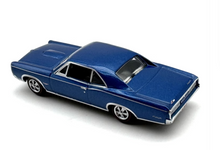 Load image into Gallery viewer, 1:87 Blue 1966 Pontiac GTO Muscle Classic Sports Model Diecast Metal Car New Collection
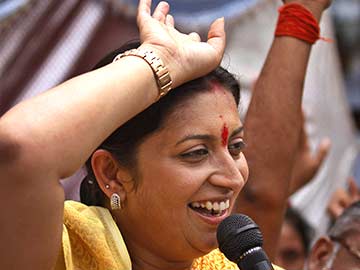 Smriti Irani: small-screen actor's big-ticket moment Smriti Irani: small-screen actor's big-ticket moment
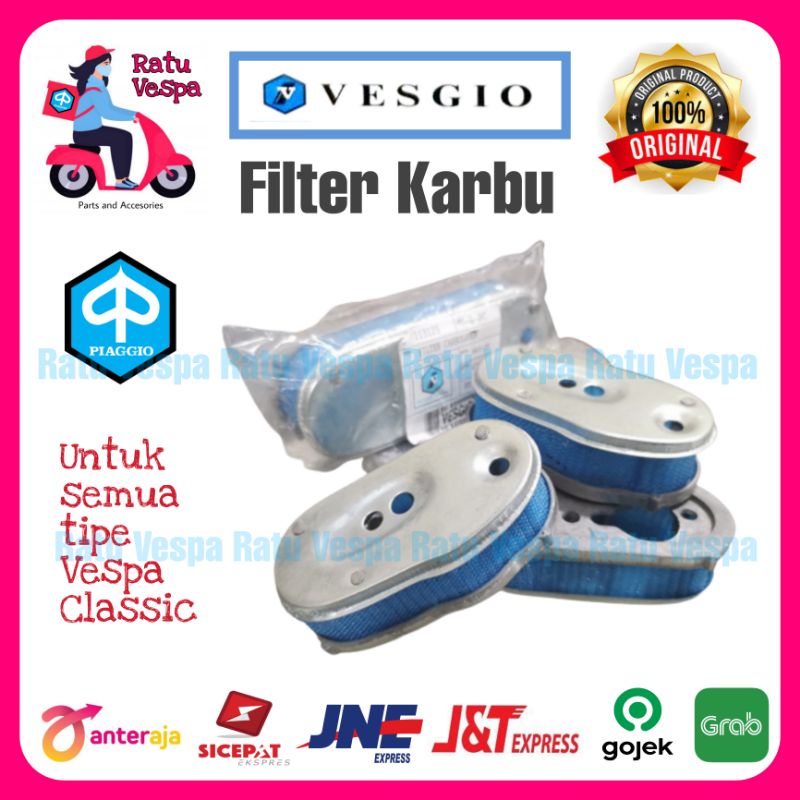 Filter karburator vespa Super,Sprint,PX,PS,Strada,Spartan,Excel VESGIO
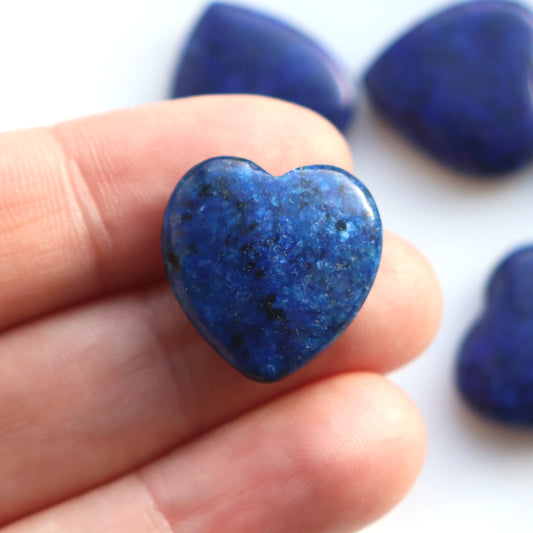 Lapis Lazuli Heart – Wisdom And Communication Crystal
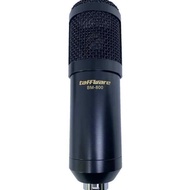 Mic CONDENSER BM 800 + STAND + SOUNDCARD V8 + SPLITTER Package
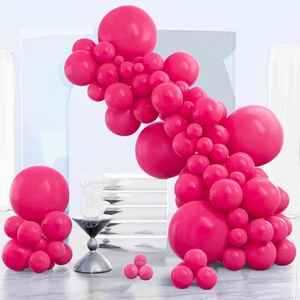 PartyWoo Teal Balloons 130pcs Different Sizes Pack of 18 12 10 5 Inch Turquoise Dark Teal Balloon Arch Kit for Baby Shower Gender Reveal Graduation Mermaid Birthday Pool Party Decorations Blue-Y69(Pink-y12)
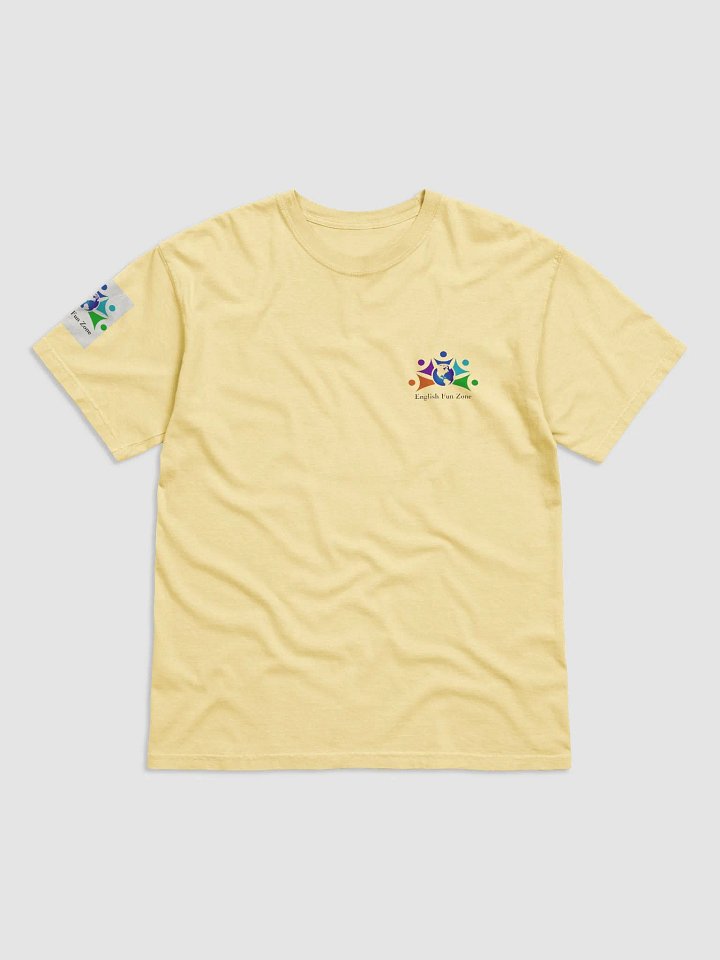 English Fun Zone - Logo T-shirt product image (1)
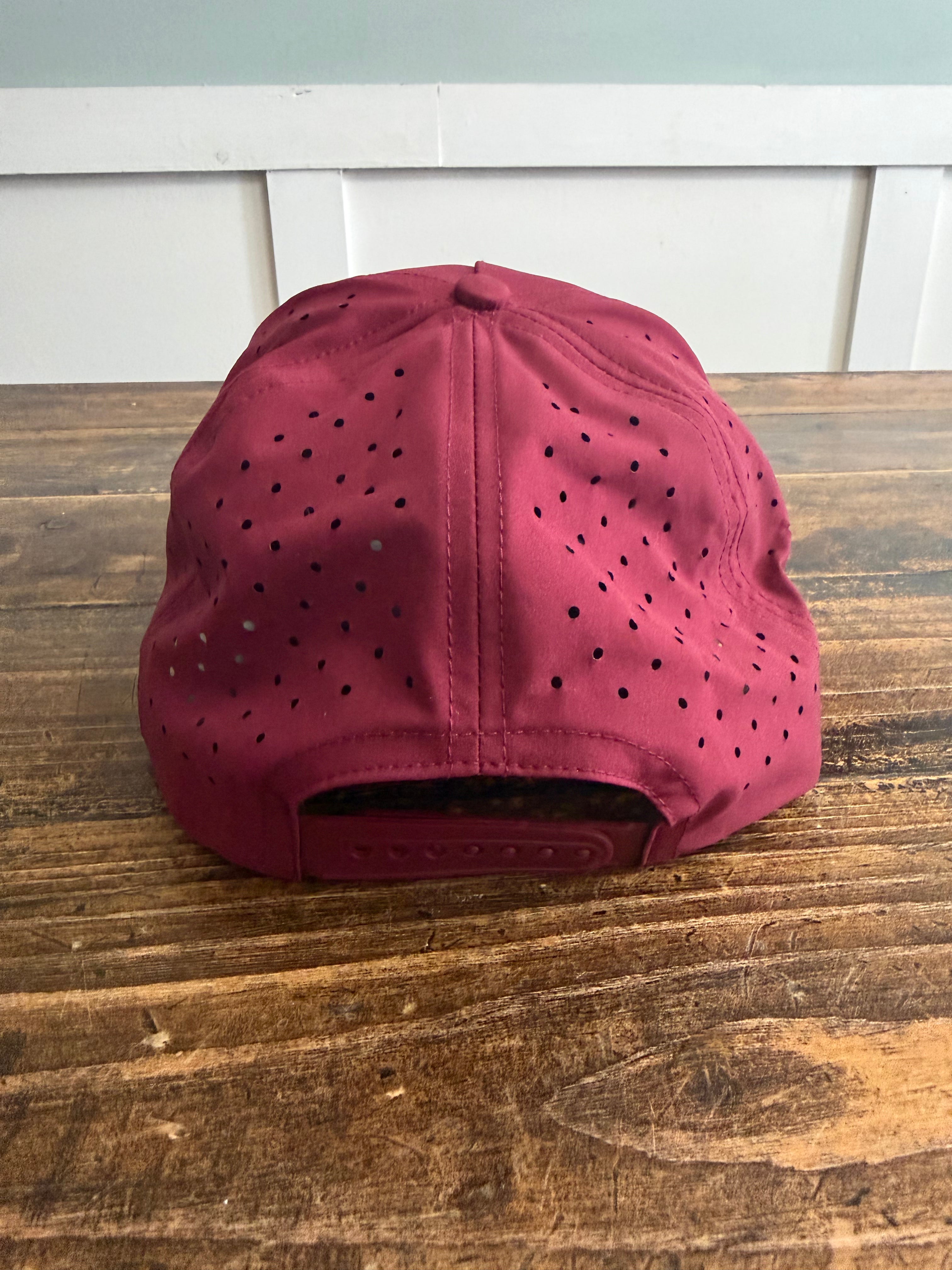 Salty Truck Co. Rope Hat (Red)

- Exercise instructions: What you return from the records above should be exactly everything from the line with "Filter karburator vespa" down to the line with "English Fun Zone", both kept, and no pictures.

- Finished task:
 Filter karburator vespa Super,Sprint,PX,PS,Strada,Spartan,Excel VESGIO
 Lapis Lazuli Heart – Wisdom And Communication Crystal
 Mic CONDENSER BM 800 + STAND + SOUNDCARD V8 + SPLITTER Package
 PartyWoo Teal Balloons 130pcs Different Sizes Pack of 18 12 10 5 Inch Turquoise Dark Teal Balloon Arch Kit for Baby Shower Gender Reveal Graduation Mermaid Birthday Pool Party Decorations Blue-Y69(Pink-y12)
 English Fun Zone - Logo T-shirt product image (1)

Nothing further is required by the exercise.